What does it mean to have a front row seat? Is it an expression only meant literally or is there a metaphorical component? I didn't go to Washington. I didn't want to brave the crowds, the weather or the severe lack of port-a-potties (one for every 600 people!). Not to mention the fact that I didn't get an invitation – maybe because I voted for McCain.
But I still felt like I had a front row seat. Even though it was in front of my computer. A front row seat not just to history in the making (it's embarrassingly true; my husband and I could not stop crying), but a front row seat to something even more important: to the resurgence of hope.
Whatever our personal politics, this is a message we would all do well to heed. It was a tremendously moving inauguration. It had all the spectacle and pageantry of a great nation. And it signaled the inspiration of America's willingness to move -- in a relatively short span of time -- from a country with pervasive racism to electing a black president.

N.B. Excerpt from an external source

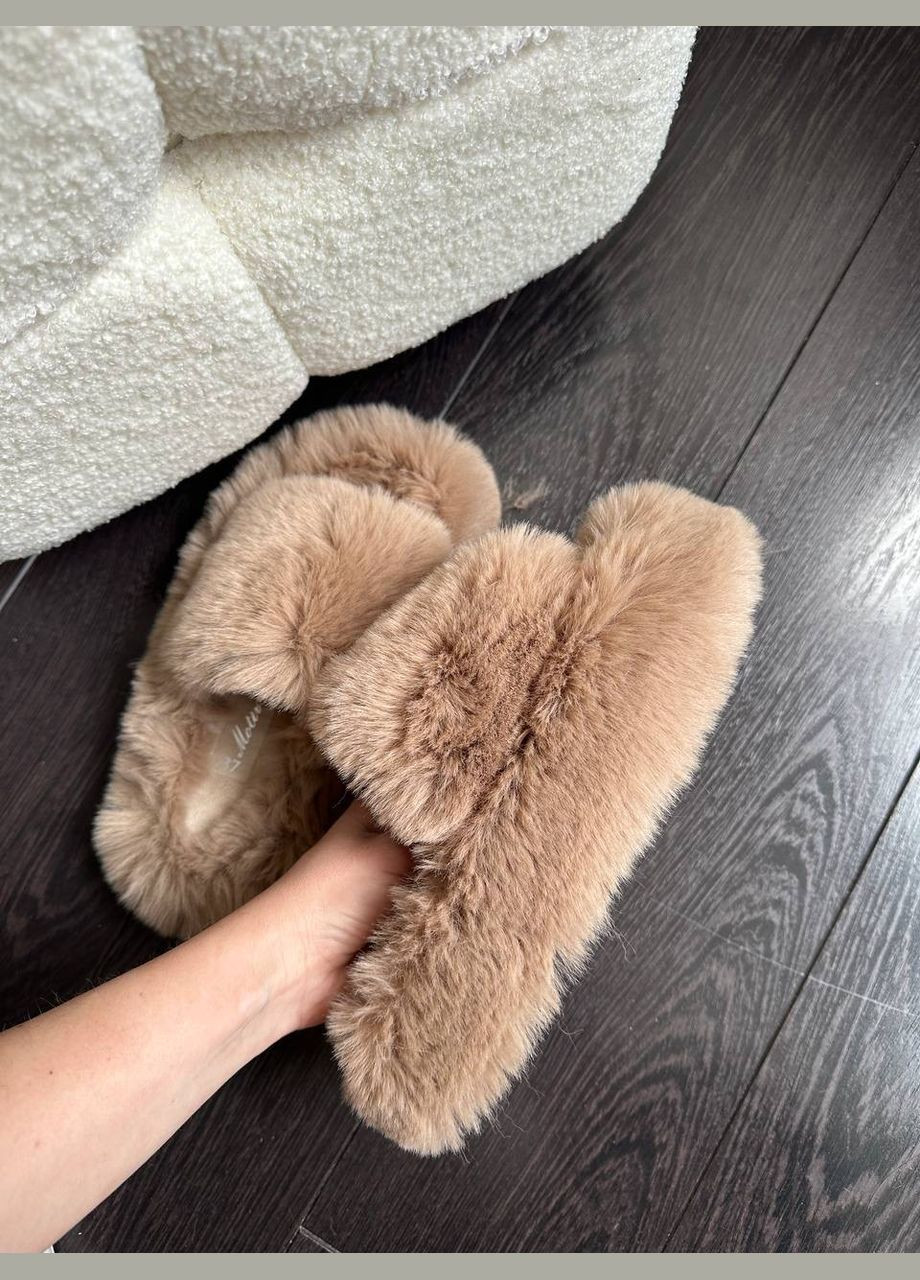 Бежевые тапочки Motivo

When the Almighty tells Abraham to leave everything familiar behind and set out on a journey into the unknown, He offers him reassurance. You will become a great nation, your name will be great, and "those who bless you will be blessed." Dennis Prager once suggested that the good in America is a direct result of this promise. He may be right. What I do know for sure is that there is good in this country.
There is a striving for meaning, for purpose. There is a striving for unity and caring. There is a striving for morality and a relationship with God. And it's moving and inspiring.

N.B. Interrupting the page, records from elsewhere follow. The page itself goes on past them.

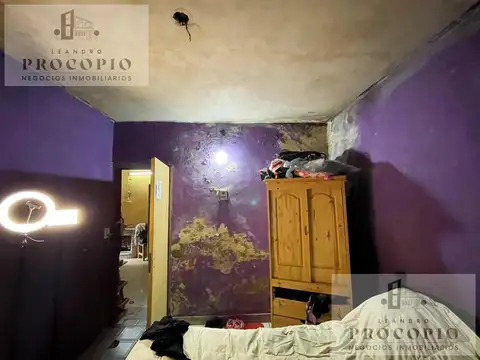 Casa 4 ambientes en venta en Villa Gobernador Udaondo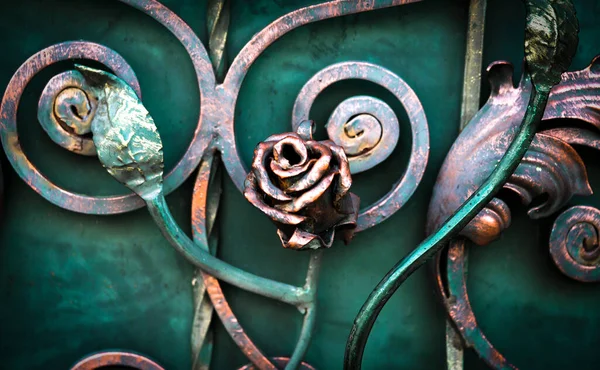 Lesklý Kov Kované Růže Květina Ruční Výroba — Stock fotografie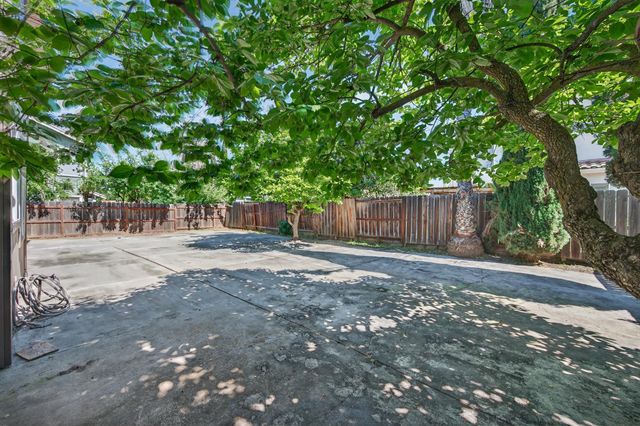 9202 Blue Grass Drive, Stockton, CA 95210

In challenging times -- whether for individuals or nations -- we tend to lose hope. We give in to dangerous cynicism or paralyzing despair. The election of the first black president of the United States has signaled a willingness and desire to lift ourselves out of our stale and unproductive state.
He tried to inspire us to hard work and purposeful effort. He tried to communicate that anything is possible -- with will and determination -- and the blessing of the Almighty.
It wasn't based on naive optimism, but on a realistic assessment of what this country is and what it could be.
And it was empowering. Sometimes individuals feel lost in the face of world forces. What can I do? How can I make a difference?
The inauguration reminded us that we all count, that everyone's actions matter. The Talmud teaches that everyone should say, "The world was created just for me." I am the one who is responsible.
And with responsibility comes hope -- and action.
I heard a story last night of a man who went to a prominent rabbi and bemoaned the fact that he had just lost 80 million dollars. "You had 80 million dollars," said the rabbi, "and there are Jews without food on their table or roofs over their heads."
We all have 80 million dollars -- in skills, abilities, passions, energy and ideals.
We have been complacent too long. We can all take our responsibilities more seriously and accomplish much more -- for America, for Israel, and for humanity.
It's good to care. It's good to be inspired. It's sometimes even good to cry. But the best of all is to act.
I don't know what kind of president Barack Obama will turn out to be. But I know that I am inspired to put my best self forward. And for that clarion call alone, for that refocus and re-motivation, I am grateful for his inauguration.